Pencil and Paper Votes

Yesterday Victorians voted to decide who would form the state government for the next four years.  The highlight for me was my 18 year old son, Josh, voting for the first time.  He collected all the How-To-Vote fliers from the various parties, lined up with me to get our names crossed off the big book and went into the cardboard cubicle to cast his vote.  While I was completing my vote, I couldn’t help but wonder how long it would be until voting goes digital.

I wrote about pencil and paper votes after the 2016 Federal Election, and I still don’t understand why we waste so much paper, money and time voting the same way we did 100 years ago.  Some people will talk about the security and fraud risk of going digital, but I don’t accept that.  We have been doing our banking and taxes online for years, surely our finance data is more secure than which political candidates we vote for.

After we completed the vote cards we stuffed them into a cardboard box and threw the fliers into the recycle bin.  Surely in Josh’s lifetime, Australia will move to either voting online from home, or at very least at a digital booth at the local school.

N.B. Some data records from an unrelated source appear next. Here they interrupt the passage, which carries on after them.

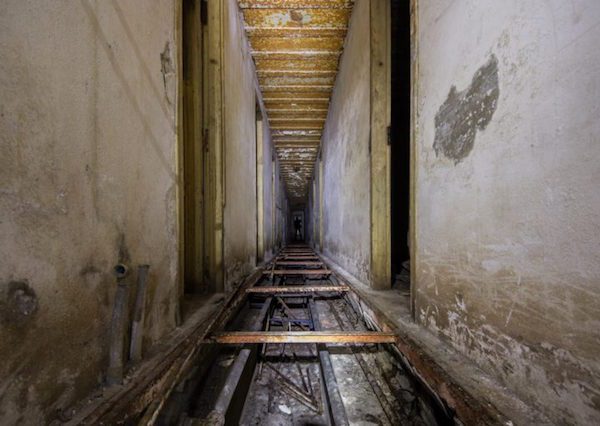 Even the floors, held secrets. Sure you could walk on them but they also installed rails beneath the floorboards to allow for materials to be moved in and out quickly.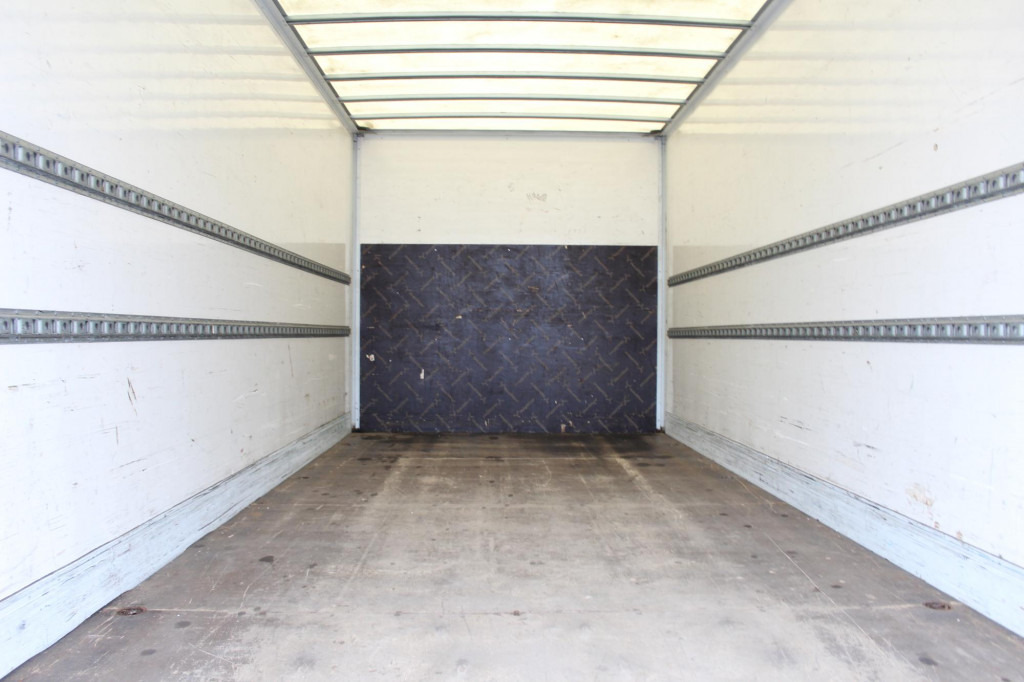 Mercedes-Benz Atego 818 Koffer Klima LDW Schalter LBW - الشاحنات الصغيرة: صور 2 Mercedes-Benz Atego 818 Koffer Klima LDW Schalter LBW - الشاحنات الصغيرة: صور 2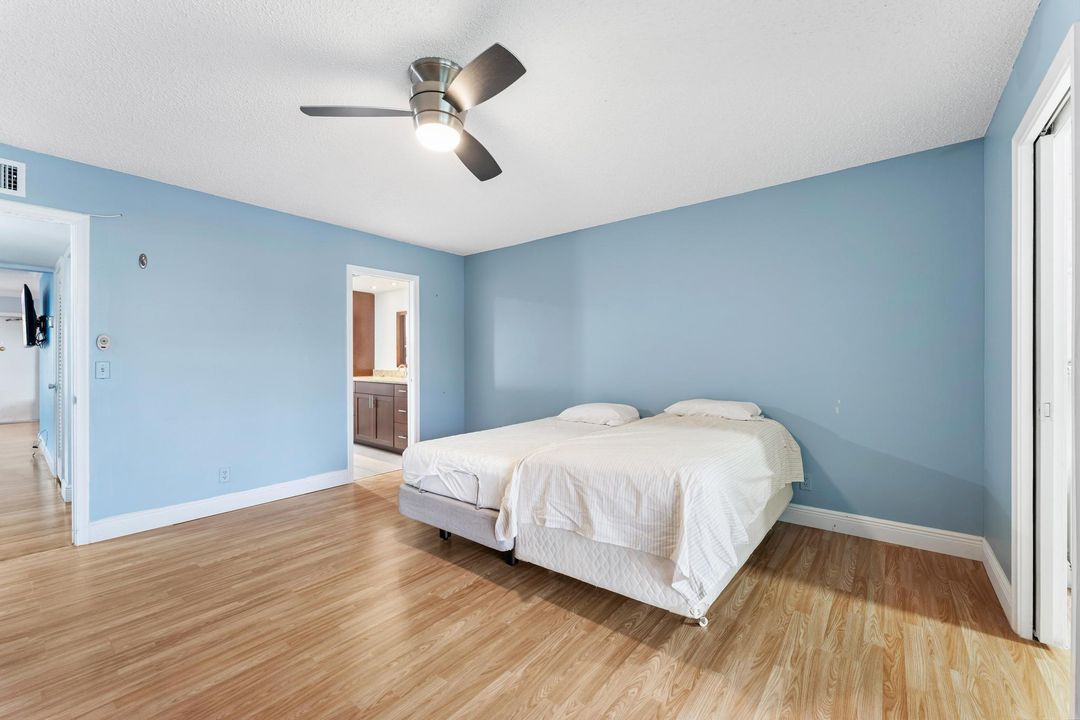 For Sale: $165,000 (2 beds, 2 baths, 1062 Square Feet)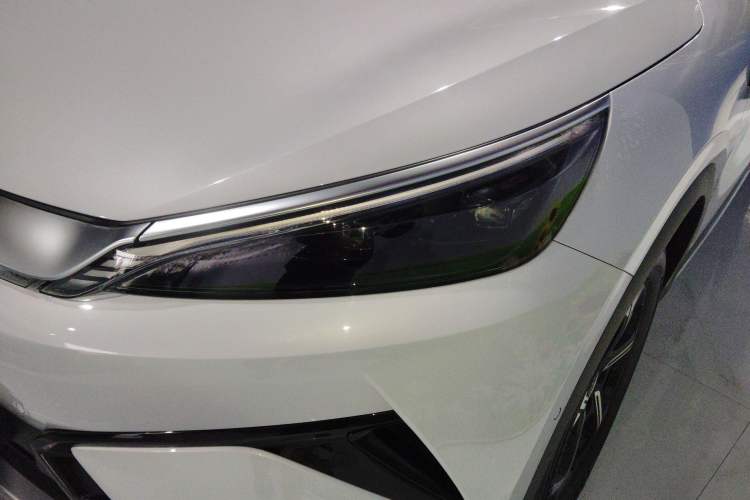 Used BYD Yuan PLUS 2025 Intelligent Driving Version 430 KM – Leading Edition Left Front Headlight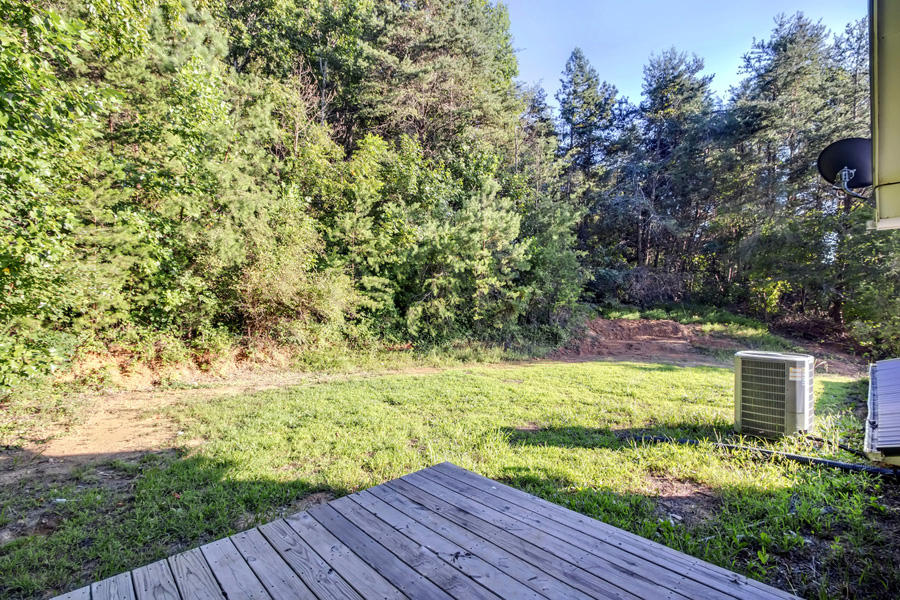 17653 Stockton Valley Road Philadelphia, TN 37846 - Photo 39 of 39 39_StocktonValleyRoad_17653_MasterDeck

recycling how-to-vote cards

Recycling bin for How-To-Vote cards at the election

Voting with pencil and paper

Yesterday Australia voted in the Federal Election, for most people that meant lining up at the local school or church, waiting for an official to find your name amongst hundreds of pages of names and hand you two pieces of paper.  You then took both of those ballot papers, one of which was ridiculously large to fit (in my case) 38 Senate party candidates, to a cardboard booth to mark your preferences with a blunt pencil attached to a too short piece of string.

Imagine, just for a moment, a future where technology allows everyone to vote with an electronic device.  That device can either be in the home or even portable and carried in your pocket.  That same technology could also allow you to manage your banking without going into a branch, manage a share portfolio without talking to a stock broker, check your government benefits without visiting Certrelink, send messages to friends and colleagues and even make phone calls away from a landline.

Hold on, you say, it’s 2016 and we can do all of that stuff on our computer, tablet or smart phones.  All of that stuff except vote!  Why are we still voting with pencil and paper, a system that has no safeguards against mistakes (in my electorate alone there are over 4,800 informal votes out of 88,400 counted so far) a system that takes an enormous work force to the count and collate those votes. This is the way voting was done 100 years ago, even 20 years ago there wouldn’t have been much alternative to pencil and paper, but in 2016 this is ridiculous!

This morning, the day after voting, we are being told it may take weeks to finalise the election result as pre-polling and postal votes are counted.  In this day and age we should be able to tally all results electronically and announce the winning candidates within minutes of the 6PM close of voting.